RECORDS SHOWN: Begin
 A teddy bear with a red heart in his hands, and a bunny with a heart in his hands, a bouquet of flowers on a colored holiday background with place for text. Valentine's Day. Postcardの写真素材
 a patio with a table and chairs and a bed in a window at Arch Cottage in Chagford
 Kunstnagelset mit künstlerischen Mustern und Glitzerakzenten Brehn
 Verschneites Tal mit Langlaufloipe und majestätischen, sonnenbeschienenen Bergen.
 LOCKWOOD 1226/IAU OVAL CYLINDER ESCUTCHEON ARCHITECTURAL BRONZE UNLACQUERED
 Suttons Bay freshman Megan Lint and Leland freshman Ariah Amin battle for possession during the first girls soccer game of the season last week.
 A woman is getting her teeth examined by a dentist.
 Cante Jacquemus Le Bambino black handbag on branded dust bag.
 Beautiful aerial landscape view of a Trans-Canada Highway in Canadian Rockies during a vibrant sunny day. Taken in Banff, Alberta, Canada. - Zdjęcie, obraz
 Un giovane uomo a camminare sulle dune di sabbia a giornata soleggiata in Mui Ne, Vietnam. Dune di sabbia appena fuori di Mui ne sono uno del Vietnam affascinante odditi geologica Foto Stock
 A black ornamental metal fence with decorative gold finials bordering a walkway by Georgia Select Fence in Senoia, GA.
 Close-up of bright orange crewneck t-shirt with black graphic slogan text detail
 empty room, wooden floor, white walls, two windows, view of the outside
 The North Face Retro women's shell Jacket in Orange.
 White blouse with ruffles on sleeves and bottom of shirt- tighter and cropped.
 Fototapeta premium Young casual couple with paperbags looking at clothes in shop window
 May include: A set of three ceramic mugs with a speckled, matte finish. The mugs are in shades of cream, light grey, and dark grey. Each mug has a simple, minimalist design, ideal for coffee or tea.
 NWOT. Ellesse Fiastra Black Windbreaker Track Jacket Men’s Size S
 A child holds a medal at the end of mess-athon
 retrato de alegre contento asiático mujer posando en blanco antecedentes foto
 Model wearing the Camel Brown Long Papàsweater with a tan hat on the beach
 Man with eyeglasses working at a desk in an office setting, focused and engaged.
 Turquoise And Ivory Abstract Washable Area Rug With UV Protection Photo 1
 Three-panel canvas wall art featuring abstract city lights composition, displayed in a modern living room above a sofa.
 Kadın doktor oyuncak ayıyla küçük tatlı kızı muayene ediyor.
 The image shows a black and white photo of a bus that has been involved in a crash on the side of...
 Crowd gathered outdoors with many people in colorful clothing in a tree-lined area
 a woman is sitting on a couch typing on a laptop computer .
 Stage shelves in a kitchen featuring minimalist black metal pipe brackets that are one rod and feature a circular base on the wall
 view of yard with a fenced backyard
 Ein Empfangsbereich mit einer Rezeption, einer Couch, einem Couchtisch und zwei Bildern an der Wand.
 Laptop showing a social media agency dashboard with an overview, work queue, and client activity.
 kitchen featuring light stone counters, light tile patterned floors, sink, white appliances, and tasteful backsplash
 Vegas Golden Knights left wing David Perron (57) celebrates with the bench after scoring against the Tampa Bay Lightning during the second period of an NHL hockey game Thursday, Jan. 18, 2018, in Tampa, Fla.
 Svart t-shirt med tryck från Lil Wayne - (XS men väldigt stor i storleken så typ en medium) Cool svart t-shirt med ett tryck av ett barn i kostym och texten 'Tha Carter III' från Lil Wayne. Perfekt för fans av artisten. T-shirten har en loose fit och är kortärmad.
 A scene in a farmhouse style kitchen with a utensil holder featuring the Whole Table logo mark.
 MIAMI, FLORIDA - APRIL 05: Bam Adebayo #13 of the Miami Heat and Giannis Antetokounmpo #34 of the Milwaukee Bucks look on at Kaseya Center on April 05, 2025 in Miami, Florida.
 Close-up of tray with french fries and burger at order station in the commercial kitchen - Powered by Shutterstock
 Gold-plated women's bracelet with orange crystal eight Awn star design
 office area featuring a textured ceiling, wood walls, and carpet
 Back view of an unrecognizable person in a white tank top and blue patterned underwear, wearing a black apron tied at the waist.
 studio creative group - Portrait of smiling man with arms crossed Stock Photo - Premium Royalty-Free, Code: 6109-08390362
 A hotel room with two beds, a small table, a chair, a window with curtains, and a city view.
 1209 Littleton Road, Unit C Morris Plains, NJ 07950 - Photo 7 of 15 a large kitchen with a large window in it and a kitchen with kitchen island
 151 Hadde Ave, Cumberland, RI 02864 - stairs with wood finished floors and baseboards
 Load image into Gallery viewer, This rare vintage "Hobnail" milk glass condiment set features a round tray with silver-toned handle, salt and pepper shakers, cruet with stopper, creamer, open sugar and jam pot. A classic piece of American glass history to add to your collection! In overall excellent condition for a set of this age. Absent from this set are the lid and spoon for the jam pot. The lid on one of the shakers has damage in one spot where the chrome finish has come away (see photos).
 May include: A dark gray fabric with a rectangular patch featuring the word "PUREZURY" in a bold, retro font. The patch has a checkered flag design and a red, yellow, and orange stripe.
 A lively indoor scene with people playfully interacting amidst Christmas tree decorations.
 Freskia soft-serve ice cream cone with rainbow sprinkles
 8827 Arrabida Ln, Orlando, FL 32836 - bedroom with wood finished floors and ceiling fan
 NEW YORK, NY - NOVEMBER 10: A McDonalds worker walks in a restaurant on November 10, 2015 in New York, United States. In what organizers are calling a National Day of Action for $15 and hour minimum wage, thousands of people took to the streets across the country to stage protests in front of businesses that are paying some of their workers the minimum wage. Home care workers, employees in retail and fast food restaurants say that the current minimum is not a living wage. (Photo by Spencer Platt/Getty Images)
RECORDS SHOWN: End
TASK: From the data above, output every line exactly.

RESPONSE AREA:
 A teddy bear with a red heart in his hands, and a bunny with a heart in his hands, a bouquet of flowers on a colored holiday background with place for text. Valentine's Day. Postcardの写真素材
 a patio with a table and chairs and a bed in a window at Arch Cottage in Chagford
 Kunstnagelset mit künstlerischen Mustern und Glitzerakzenten Brehn
 Verschneites Tal mit Langlaufloipe und majestätischen, sonnenbeschienenen Bergen.
 LOCKWOOD 1226/IAU OVAL CYLINDER ESCUTCHEON ARCHITECTURAL BRONZE UNLACQUERED
 Suttons Bay freshman Megan Lint and Leland freshman Ariah Amin battle for possession during the first girls soccer game of the season last week.
 A woman is getting her teeth examined by a dentist.
 Cante Jacquemus Le Bambino black handbag on branded dust bag.
 Beautiful aerial landscape view of a Trans-Canada Highway in Canadian Rockies during a vibrant sunny day. Taken in Banff, Alberta, Canada. - Zdjęcie, obraz
 Un giovane uomo a camminare sulle dune di sabbia a giornata soleggiata in Mui Ne, Vietnam. Dune di sabbia appena fuori di Mui ne sono uno del Vietnam affascinante odditi geologica Foto Stock
 A black ornamental metal fence with decorative gold finials bordering a walkway by Georgia Select Fence in Senoia, GA.
 Close-up of bright orange crewneck t-shirt with black graphic slogan text detail
 empty room, wooden floor, white walls, two windows, view of the outside
 The North Face Retro women's shell Jacket in Orange.
 White blouse with ruffles on sleeves and bottom of shirt- tighter and cropped.
 Fototapeta premium Young casual couple with paperbags looking at clothes in shop window
 May include: A set of three ceramic mugs with a speckled, matte finish. The mugs are in shades of cream, light grey, and dark grey. Each mug has a simple, minimalist design, ideal for coffee or tea.
 NWOT. Ellesse Fiastra Black Windbreaker Track Jacket Men’s Size S
 A child holds a medal at the end of mess-athon
 retrato de alegre contento asiático mujer posando en blanco antecedentes foto
 Model wearing the Camel Brown Long Papàsweater with a tan hat on the beach
 Man with eyeglasses working at a desk in an office setting, focused and engaged.
 Turquoise And Ivory Abstract Washable Area Rug With UV Protection Photo 1
 Three-panel canvas wall art featuring abstract city lights composition, displayed in a modern living room above a sofa.
 Kadın doktor oyuncak ayıyla küçük tatlı kızı muayene ediyor.
 The image shows a black and white photo of a bus that has been involved in a crash on the side of...
 Crowd gathered outdoors with many people in colorful clothing in a tree-lined area
 a woman is sitting on a couch typing on a laptop computer .
 Stage shelves in a kitchen featuring minimalist black metal pipe brackets that are one rod and feature a circular base on the wall
 view of yard with a fenced backyard
 Ein Empfangsbereich mit einer Rezeption, einer Couch, einem Couchtisch und zwei Bildern an der Wand.
 Laptop showing a social media agency dashboard with an overview, work queue, and client activity.
 kitchen featuring light stone counters, light tile patterned floors, sink, white appliances, and tasteful backsplash
 Vegas Golden Knights left wing David Perron (57) celebrates with the bench after scoring against the Tampa Bay Lightning during the second period of an NHL hockey game Thursday, Jan. 18, 2018, in Tampa, Fla.
 Svart t-shirt med tryck från Lil Wayne - (XS men väldigt stor i storleken så typ en medium) Cool svart t-shirt med ett tryck av ett barn i kostym och texten 'Tha Carter III' från Lil Wayne. Perfekt för fans av artisten. T-shirten har en loose fit och är kortärmad.
 A scene in a farmhouse style kitchen with a utensil holder featuring the Whole Table logo mark.
 MIAMI, FLORIDA - APRIL 05: Bam Adebayo #13 of the Miami Heat and Giannis Antetokounmpo #34 of the Milwaukee Bucks look on at Kaseya Center on April 05, 2025 in Miami, Florida.
 Close-up of tray with french fries and burger at order station in the commercial kitchen - Powered by Shutterstock
 Gold-plated women's bracelet with orange crystal eight Awn star design
 office area featuring a textured ceiling, wood walls, and carpet
 Back view of an unrecognizable person in a white tank top and blue patterned underwear, wearing a black apron tied at the waist.
 studio creative group - Portrait of smiling man with arms crossed Stock Photo - Premium Royalty-Free, Code: 6109-08390362
 A hotel room with two beds, a small table, a chair, a window with curtains, and a city view.
 1209 Littleton Road, Unit C Morris Plains, NJ 07950 - Photo 7 of 15 a large kitchen with a large window in it and a kitchen with kitchen island
 151 Hadde Ave, Cumberland, RI 02864 - stairs with wood finished floors and baseboards
 Load image into Gallery viewer, This rare vintage "Hobnail" milk glass condiment set features a round tray with silver-toned handle, salt and pepper shakers, cruet with stopper, creamer, open sugar and jam pot. A classic piece of American glass history to add to your collection! In overall excellent condition for a set of this age. Absent from this set are the lid and spoon for the jam pot. The lid on one of the shakers has damage in one spot where the chrome finish has come away (see photos).
 May include: A dark gray fabric with a rectangular patch featuring the word "PUREZURY" in a bold, retro font. The patch has a checkered flag design and a red, yellow, and orange stripe.
 A lively indoor scene with people playfully interacting amidst Christmas tree decorations.
 Freskia soft-serve ice cream cone with rainbow sprinkles
 8827 Arrabida Ln, Orlando, FL 32836 - bedroom with wood finished floors and ceiling fan
 NEW YORK, NY - NOVEMBER 10: A McDonalds worker walks in a restaurant on November 10, 2015 in New York, United States. In what organizers are calling a National Day of Action for $15 and hour minimum wage, thousands of people took to the streets across the country to stage protests in front of businesses that are paying some of their workers the minimum wage. Home care workers, employees in retail and fast food restaurants say that the current minimum is not a living wage. (Photo by Spencer Platt/Getty Images)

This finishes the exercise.